Balena Architecture

Overview:

  • Teaching: 10 min
  • Exercises: 5 min

Questions

  • Is there more to Balena than just a collection of PCs?
  • What are all those cables for?
  • Why are there two filesystems and why do they have different uses?

Objectives

  • Know that HPCs consist of a collections of nodes each similar to normal desktop/laptops
  • Know that a high speed network allows these to work on the same problem and access fast storage
  • Understand that different nodes have different purposes to help enable your research
  • Jobs a managed by the scheduler, they do not run immediately

The following architecture diagram illustrates the priciple components of Balena. Most HPC services will have a boradly similar structure:

balena-arch.png

The key thing to understand is that HPC are a collection of resources similar to what you have in your desktop or laptop machine, typically called nodes. The are different sets of nodes each performing a different purpose. When you access Balena you don't go straight to the compute nodes you land on a login node. Here you can submit jobs to a scheduler, which assigns jobs to the compute nodes. The scheduler runs on master nodes which are also used to manage the system, maintenance and fix any issues.

The compute are connected by a high speed network which allows several or many nodes to work together on the same problem. Most of the nodes are the similar but to target specific workloads we also have some with high memory and some with GPU accelerators. As there can often be a queue of user jobs waiting to run we also have nodes reserved for quick turn around and interactive testing to allow researchers developing software to work more efficiently. Because the nodes all need to access the same storage this is separate, and as we have already seen, in the case of Balena has two component, $HOME and $STORAGE.
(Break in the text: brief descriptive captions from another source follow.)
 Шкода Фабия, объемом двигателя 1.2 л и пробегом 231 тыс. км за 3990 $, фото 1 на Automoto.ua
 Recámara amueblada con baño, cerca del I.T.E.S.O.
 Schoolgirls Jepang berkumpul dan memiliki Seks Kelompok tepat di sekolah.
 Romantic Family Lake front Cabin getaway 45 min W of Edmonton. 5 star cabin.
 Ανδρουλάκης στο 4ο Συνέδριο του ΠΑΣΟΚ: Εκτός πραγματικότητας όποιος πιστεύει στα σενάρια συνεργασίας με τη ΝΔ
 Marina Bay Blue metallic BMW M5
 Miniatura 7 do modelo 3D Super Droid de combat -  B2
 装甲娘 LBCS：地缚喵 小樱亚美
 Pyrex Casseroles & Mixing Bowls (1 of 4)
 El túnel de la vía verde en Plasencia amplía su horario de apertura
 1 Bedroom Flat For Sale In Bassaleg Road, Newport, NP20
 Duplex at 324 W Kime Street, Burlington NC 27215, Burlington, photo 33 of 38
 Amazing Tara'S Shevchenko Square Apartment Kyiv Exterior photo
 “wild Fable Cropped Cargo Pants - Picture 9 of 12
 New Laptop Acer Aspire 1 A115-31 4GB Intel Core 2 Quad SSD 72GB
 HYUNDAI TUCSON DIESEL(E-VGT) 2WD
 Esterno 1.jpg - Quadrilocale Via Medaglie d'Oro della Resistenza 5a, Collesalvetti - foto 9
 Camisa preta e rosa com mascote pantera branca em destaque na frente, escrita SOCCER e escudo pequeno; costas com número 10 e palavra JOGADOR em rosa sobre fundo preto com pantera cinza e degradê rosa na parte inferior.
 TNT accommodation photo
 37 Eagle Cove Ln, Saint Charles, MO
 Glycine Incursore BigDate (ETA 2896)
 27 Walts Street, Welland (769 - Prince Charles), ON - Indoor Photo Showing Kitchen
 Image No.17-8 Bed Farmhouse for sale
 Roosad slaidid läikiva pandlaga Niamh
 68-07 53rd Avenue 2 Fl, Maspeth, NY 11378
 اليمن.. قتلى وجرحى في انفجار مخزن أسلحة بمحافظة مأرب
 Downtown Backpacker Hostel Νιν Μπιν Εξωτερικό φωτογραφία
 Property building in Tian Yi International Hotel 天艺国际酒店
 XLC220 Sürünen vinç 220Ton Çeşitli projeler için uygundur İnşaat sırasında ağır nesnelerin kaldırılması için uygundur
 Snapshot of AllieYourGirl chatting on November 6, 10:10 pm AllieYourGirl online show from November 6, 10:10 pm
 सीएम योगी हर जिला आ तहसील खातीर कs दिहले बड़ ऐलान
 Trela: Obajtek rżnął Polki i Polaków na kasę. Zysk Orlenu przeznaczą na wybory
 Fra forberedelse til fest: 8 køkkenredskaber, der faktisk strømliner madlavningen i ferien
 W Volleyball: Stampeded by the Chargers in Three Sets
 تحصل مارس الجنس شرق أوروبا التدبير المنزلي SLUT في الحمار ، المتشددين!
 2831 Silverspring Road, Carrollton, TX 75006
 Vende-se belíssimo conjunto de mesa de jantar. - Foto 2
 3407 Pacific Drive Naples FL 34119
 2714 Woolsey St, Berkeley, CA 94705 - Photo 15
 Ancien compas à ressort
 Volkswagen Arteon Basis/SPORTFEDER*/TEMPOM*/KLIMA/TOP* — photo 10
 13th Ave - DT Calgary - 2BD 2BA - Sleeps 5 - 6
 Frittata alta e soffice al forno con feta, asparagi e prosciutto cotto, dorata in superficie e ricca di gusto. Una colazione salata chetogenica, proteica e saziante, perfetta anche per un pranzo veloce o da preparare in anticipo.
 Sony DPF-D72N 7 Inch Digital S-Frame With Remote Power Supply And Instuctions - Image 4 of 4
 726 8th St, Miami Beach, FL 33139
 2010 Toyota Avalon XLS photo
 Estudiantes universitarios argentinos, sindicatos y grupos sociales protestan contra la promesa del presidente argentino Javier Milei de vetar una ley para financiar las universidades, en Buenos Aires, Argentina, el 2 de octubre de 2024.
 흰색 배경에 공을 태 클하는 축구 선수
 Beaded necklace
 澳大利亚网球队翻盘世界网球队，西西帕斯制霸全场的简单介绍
Some HPC problems require access to large datasets and reading and writing that data can be a significant bottleneck. Therefore the $STORAGE is also connected to the high speed network. Making backups of this storage would be prohibitively expensive, reducing the capacity. So this data is considered at risk and we have $HOME where users can store programs and scripts for setting up and running calculations, this has a smaller capcity but is backed up. This is connected to a standard network which also allows the system to be managed without intefering with jobs that are running.

Key Points:

  • HPC consists of a collection of resources similar to your desktop or laptop
  • These are connected to each other and fast storage by a high speed network
  • Different nodes serve different functions to help manage the system and allow researchers wth different workloads and needs to work efficiently.